In the late 1990s, Toyota and Honda were in the vanguard of low emission technology with the first production hybrid vehicles – the Prius and the Insight. Both these cars are still going strong, and through their various generations they have improved on mileage, electric motor capability and reduction of emissions. Now, the new focus for hybrid technology is plug-in hybrids – so that the electric motor takes on even more of the effort, and the internal combustion engine can become secondary.
However, at the same time, all car manufacturers have been busy perfecting the electric vehicles. We’ve now got EVs with fairly decent range before their battery needs another charge, charge times are reduced and gradually an infrastructure for EV charging is being established across different nations.
While alternatives to petrol and diesel gain ground, there has also been increased fuel efficiency and reduced emissions from the new conventional cars. Diesels score particularly well on both, partially because they’re rated only for CO2 emissions and not other emissions like nitrous oxide and particulates.
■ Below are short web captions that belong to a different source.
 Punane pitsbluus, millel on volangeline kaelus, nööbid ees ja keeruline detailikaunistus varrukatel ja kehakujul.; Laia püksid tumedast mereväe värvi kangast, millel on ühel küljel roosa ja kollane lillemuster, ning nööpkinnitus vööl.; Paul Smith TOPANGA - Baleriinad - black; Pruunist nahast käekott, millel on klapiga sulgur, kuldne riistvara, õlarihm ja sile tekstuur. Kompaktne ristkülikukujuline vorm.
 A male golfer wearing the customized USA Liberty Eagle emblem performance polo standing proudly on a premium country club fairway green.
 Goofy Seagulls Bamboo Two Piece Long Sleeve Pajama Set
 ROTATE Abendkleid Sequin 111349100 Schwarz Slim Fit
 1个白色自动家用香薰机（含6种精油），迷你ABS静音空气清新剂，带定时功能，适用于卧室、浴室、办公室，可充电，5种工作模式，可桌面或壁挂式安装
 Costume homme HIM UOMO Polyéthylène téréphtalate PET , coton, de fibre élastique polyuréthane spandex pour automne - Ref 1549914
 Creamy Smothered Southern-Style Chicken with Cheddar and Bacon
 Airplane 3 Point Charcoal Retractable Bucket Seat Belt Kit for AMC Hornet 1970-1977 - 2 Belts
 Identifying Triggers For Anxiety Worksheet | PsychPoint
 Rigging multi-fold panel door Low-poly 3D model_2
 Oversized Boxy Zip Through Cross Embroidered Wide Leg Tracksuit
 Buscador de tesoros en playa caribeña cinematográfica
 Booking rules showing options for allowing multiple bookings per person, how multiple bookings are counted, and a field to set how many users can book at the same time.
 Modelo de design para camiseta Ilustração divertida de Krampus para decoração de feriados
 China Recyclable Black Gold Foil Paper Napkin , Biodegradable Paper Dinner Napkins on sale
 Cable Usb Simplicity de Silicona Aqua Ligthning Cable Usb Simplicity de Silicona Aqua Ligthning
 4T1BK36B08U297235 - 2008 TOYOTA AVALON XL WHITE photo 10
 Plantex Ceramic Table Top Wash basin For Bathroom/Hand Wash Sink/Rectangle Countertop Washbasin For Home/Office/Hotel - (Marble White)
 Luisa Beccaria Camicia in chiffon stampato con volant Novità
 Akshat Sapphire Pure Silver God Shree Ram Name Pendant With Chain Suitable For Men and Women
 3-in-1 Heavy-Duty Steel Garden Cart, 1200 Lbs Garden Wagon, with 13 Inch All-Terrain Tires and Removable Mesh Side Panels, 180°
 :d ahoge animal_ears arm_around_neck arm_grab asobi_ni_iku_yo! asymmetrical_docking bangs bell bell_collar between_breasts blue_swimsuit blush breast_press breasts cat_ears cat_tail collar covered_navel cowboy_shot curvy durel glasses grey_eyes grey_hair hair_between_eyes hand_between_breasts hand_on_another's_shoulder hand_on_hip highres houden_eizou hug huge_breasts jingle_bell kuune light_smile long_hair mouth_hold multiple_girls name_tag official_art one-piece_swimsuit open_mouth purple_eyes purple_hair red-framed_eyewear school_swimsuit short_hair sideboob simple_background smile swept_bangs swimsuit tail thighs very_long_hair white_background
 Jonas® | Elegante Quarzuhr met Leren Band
That aside, the numbers can’t lie – the fuel economy that you can get on some conventional cars today is phenomenal, as is the reduction in CO2 emissions.
Developments like stop start technology really help to cut emissions and can be applied across the board – to conventional petrol and diesel engines as well as to hybrid vehicles.
Added in to the mix, we’ve seen the development of alternative fuels like hydrogen and natural gas – again reducing emissions. Hydrogen has already been hailed as the fuel of the future by many in the motoring industry as the only tailpipe emission it creates is good old H2O – or steam vapour!